East End Residents Association
The president of the influential East End Residents Association stated that its members have been campaigning for the past two years for the police to address traffic problems arising from rapid growth in their part of the city. The association identifies traffic control as the number one policing issue in the city. While the number of vehicles has increased dramatically, road construction has not kept up. What were once rural roads are now used as arterial connectors leading to Benville, or to the expressway ramps to Benville. During commuting hours these roads are often totally gridlocked. Impatient and aggressive drivers add to the problem, and because these roads do not have sidewalks or large shoulder areas, pedestrians and bicycle riders are increasingly at risk.

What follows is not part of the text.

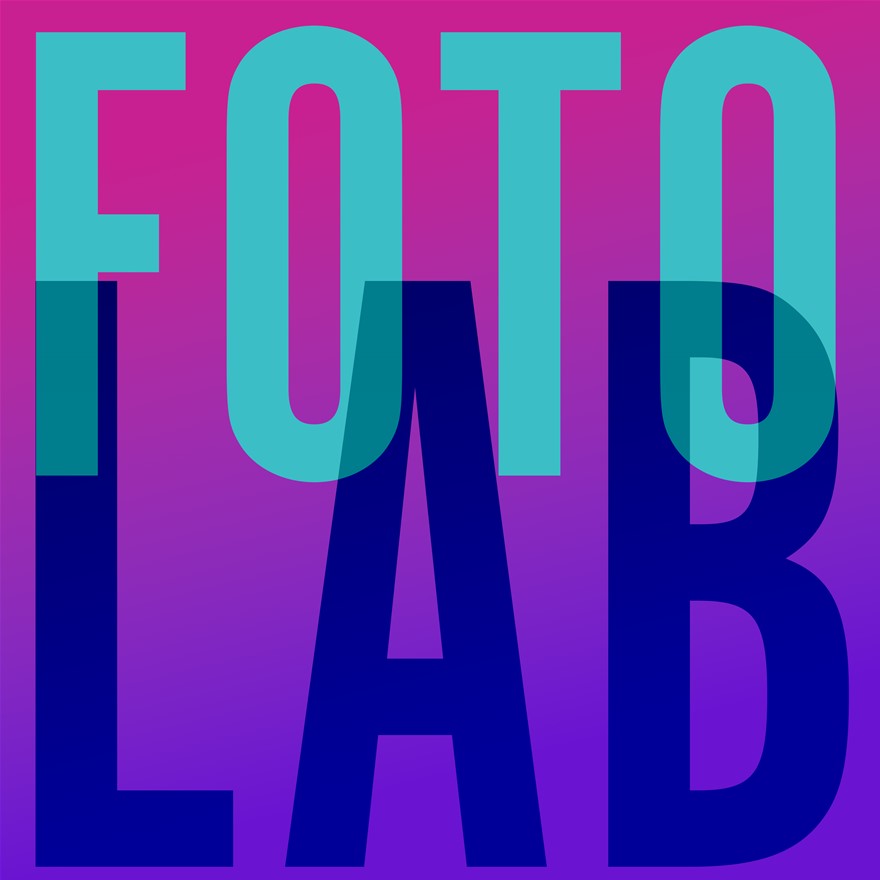 Start cursus Fotolab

Further, where there is road construction – and there has been lots of it this year – there seems to have been very little planning on how best to keep traffic moving safely and fluidly, especially to allow the movement of ambulances and fire trucks. The association president maintained that when traffic completely bogs down, particularly at minor accident sites or intersections where lights are out of commission, there is rarely a police presence to sort it out.
The association president complained that he and some of the association's members have met with community police officers on these and other issues, including increased youth crime, but feel that these officers are not really committed to the exercise and/or have no real power. The president confided that his perception is that community policing officers seem to be "on sabbatical" (i.e., taking a break from real policing) rather than really working with the association's members to address community policing issues. In closing, he expressed the view that policing in Hope City appeared to be reactive rather than preventive, and committed to token consultation rather than real partnerships.